**Goal of the exercise**
Only one stretch of the listing below is wanted. Begin at the line that has "Abstración belleza Rainbow", stop after the line that has "Klenuté gabionové koše", and repeat every line in between exactly.

..............................

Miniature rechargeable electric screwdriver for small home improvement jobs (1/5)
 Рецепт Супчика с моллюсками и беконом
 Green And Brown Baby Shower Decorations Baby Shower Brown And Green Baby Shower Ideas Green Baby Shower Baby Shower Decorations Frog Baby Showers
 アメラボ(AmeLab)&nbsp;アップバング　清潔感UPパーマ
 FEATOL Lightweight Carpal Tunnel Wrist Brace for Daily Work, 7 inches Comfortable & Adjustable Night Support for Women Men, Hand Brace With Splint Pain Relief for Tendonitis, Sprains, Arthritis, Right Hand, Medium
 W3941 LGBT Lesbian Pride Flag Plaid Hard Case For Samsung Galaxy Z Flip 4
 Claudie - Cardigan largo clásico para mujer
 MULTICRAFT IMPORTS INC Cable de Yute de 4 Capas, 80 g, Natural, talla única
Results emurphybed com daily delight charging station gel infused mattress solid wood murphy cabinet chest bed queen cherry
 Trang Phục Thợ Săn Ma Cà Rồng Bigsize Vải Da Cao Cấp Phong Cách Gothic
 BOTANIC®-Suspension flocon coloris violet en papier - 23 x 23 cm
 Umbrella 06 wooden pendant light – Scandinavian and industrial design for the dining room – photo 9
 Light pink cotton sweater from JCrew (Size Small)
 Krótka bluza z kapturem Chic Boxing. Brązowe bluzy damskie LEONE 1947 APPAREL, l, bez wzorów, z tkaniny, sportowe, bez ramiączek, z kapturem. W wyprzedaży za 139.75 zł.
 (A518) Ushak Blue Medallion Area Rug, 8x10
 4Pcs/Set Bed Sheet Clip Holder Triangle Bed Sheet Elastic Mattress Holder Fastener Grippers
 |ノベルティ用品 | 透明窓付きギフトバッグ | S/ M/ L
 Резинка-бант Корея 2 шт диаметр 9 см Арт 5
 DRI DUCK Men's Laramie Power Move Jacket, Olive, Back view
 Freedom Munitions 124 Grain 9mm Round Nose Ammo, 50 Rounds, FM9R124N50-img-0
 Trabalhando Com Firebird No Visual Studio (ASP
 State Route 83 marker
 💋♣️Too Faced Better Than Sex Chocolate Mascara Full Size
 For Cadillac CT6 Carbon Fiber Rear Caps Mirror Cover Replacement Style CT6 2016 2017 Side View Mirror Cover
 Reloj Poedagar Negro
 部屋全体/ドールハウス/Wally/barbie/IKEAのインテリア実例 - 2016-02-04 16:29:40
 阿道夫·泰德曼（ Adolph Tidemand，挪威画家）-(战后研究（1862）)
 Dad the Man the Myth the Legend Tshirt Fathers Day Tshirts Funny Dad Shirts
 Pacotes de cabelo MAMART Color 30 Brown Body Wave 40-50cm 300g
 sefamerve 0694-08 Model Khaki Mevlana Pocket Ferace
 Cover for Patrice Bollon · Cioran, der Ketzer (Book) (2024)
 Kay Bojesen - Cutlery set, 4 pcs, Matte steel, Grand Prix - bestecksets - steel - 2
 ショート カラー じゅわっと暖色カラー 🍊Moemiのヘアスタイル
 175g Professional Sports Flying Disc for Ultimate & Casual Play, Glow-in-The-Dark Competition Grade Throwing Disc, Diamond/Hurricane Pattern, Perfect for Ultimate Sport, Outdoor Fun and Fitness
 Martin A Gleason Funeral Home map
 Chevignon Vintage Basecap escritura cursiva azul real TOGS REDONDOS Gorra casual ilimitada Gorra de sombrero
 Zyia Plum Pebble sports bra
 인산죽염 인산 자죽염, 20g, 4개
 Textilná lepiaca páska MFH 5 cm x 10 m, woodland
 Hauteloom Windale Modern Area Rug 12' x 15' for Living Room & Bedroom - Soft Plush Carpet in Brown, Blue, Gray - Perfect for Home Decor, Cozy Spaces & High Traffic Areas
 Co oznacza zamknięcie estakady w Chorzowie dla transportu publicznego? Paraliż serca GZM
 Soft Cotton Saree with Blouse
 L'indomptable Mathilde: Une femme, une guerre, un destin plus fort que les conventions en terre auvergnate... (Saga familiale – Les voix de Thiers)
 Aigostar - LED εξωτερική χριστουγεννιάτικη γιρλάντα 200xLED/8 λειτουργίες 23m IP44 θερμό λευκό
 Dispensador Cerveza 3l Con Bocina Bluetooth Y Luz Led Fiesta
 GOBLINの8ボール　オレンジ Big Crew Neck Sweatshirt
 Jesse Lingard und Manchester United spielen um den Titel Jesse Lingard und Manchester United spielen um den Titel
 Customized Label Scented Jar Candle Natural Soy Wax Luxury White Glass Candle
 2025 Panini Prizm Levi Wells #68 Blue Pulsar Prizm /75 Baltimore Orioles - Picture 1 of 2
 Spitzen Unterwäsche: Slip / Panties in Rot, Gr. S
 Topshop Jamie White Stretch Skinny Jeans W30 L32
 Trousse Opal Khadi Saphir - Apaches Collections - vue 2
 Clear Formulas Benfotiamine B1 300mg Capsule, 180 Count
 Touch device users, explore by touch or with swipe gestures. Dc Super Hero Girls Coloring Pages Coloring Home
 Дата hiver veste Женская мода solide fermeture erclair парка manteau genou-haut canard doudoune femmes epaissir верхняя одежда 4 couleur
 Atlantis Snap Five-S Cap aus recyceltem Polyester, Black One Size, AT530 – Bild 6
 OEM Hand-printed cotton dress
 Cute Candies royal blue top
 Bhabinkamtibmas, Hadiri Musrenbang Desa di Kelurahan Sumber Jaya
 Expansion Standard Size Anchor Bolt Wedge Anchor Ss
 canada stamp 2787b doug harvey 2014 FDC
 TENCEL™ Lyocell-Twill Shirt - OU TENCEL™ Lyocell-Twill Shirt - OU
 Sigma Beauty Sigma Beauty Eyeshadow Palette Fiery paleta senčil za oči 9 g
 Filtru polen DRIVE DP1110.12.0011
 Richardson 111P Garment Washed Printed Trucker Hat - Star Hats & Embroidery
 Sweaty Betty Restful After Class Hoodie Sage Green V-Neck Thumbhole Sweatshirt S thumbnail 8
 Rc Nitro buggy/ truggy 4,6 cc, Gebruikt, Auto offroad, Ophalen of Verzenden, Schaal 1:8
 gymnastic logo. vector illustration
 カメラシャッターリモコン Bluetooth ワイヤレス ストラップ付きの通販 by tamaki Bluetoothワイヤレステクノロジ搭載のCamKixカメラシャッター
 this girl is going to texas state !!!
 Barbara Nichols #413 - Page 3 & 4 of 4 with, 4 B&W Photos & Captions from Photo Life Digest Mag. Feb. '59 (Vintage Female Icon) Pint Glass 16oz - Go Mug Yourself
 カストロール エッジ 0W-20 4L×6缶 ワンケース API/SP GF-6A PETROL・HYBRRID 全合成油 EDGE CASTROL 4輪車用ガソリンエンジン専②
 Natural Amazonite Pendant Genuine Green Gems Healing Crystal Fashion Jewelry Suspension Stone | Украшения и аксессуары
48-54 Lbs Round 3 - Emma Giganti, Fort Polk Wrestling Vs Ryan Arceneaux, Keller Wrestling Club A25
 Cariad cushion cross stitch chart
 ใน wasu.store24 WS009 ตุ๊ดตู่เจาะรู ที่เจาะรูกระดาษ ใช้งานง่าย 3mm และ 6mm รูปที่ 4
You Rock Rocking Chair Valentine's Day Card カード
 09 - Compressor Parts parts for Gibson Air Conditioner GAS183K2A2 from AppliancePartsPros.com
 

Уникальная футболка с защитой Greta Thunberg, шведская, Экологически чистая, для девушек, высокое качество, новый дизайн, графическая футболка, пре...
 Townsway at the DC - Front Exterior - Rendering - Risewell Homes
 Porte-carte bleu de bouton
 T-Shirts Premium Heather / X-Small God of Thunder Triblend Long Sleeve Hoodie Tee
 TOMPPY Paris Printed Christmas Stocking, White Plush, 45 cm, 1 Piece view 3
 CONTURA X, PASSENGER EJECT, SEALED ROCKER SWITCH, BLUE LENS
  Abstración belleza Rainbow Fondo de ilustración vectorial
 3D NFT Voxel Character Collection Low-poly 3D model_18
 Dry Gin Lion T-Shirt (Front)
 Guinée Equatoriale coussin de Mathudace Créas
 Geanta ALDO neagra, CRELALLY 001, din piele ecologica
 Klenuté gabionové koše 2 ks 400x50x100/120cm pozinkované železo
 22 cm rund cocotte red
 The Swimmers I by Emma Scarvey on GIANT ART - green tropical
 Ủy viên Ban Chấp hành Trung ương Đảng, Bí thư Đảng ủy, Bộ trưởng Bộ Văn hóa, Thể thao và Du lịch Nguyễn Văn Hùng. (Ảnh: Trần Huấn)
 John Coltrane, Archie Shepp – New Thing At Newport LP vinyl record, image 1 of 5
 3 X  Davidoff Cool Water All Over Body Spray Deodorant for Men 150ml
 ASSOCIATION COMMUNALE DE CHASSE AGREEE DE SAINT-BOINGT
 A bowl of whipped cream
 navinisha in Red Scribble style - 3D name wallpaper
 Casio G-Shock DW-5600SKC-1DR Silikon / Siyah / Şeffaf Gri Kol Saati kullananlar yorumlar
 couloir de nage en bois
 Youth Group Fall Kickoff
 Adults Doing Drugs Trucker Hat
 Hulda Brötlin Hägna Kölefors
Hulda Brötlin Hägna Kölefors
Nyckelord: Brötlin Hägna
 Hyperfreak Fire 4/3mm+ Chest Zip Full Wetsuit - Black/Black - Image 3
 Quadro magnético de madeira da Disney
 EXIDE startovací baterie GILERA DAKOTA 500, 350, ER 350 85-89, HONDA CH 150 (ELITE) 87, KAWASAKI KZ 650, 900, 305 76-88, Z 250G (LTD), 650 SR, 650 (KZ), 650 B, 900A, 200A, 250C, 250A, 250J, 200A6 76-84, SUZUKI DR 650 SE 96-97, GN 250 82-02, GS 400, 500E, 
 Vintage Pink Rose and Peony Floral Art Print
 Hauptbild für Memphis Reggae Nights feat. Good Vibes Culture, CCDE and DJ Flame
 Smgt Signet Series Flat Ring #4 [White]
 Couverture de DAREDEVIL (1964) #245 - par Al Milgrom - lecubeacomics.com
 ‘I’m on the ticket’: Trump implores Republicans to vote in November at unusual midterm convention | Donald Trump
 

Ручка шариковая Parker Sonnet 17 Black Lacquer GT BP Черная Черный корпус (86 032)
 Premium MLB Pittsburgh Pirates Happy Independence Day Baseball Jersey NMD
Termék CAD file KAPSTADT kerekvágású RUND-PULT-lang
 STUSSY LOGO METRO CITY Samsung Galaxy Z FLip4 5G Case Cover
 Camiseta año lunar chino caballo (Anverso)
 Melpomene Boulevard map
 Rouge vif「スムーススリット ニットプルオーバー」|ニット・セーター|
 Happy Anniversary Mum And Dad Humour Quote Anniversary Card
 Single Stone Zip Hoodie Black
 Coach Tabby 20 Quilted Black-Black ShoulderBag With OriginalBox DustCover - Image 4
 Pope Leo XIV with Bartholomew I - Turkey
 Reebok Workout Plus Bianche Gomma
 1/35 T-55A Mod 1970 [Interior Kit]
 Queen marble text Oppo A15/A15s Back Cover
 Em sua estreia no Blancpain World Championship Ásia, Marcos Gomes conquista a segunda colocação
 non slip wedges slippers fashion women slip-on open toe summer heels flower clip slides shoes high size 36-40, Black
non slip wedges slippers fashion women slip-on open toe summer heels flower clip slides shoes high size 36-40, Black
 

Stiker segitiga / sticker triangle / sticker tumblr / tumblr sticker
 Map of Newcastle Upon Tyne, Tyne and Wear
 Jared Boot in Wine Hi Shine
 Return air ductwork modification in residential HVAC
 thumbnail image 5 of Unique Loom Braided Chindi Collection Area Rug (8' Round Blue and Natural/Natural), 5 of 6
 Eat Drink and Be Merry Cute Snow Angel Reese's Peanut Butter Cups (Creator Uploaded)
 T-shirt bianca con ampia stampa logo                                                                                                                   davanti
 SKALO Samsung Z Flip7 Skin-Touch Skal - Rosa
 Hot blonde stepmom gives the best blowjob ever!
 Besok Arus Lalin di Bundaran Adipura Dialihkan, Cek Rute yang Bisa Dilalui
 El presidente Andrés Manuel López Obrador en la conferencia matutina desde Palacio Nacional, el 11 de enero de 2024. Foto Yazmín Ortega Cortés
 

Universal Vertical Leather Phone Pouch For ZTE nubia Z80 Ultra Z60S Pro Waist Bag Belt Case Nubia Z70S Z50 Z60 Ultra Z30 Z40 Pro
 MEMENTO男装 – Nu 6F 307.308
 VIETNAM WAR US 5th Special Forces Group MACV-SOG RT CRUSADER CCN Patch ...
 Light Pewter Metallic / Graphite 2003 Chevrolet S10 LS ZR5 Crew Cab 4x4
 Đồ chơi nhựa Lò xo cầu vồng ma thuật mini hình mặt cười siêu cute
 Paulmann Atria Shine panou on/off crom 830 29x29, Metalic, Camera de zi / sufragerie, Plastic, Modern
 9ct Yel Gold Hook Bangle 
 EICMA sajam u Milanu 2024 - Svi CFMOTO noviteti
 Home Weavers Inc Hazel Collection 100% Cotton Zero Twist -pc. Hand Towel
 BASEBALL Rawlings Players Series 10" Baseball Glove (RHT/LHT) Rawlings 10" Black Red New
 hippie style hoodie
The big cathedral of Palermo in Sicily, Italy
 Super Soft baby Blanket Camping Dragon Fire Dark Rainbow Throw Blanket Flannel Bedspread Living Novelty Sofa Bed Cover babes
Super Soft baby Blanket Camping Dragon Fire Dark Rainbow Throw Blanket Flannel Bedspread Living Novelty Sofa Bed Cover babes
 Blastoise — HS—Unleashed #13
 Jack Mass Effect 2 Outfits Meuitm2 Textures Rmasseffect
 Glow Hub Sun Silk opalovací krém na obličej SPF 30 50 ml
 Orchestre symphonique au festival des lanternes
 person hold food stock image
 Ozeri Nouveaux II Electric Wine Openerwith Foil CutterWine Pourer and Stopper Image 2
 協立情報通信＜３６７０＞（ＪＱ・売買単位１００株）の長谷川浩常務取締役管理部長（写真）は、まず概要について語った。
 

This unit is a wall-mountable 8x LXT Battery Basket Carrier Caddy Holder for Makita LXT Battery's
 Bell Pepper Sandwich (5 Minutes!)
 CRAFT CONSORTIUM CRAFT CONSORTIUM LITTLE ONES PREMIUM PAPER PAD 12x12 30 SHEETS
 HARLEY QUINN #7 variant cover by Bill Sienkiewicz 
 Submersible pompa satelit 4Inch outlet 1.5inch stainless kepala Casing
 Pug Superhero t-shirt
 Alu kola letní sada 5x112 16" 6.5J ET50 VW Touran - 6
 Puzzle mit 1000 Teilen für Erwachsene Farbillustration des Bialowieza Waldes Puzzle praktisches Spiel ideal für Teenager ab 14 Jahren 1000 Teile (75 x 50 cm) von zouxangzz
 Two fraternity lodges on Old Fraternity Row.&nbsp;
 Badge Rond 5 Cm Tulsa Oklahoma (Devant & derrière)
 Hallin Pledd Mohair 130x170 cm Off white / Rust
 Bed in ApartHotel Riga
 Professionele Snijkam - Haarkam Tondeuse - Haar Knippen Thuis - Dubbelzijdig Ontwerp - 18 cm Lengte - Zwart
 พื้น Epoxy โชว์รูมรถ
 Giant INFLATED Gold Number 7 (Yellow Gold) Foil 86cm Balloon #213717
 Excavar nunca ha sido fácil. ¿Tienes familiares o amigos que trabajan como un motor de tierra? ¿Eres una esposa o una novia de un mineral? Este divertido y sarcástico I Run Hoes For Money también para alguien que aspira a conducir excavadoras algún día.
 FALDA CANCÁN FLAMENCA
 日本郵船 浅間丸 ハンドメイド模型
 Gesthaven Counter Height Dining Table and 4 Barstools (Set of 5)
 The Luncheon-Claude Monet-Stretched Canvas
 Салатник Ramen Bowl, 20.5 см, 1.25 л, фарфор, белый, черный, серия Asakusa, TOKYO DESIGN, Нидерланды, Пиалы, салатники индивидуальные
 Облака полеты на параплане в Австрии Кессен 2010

..............................

**Written solution**
  Abstración belleza Rainbow Fondo de ilustración vectorial
 3D NFT Voxel Character Collection Low-poly 3D model_18
 Dry Gin Lion T-Shirt (Front)
 Guinée Equatoriale coussin de Mathudace Créas
 Geanta ALDO neagra, CRELALLY 001, din piele ecologica
 Klenuté gabionové koše 2 ks 400x50x100/120cm pozinkované železo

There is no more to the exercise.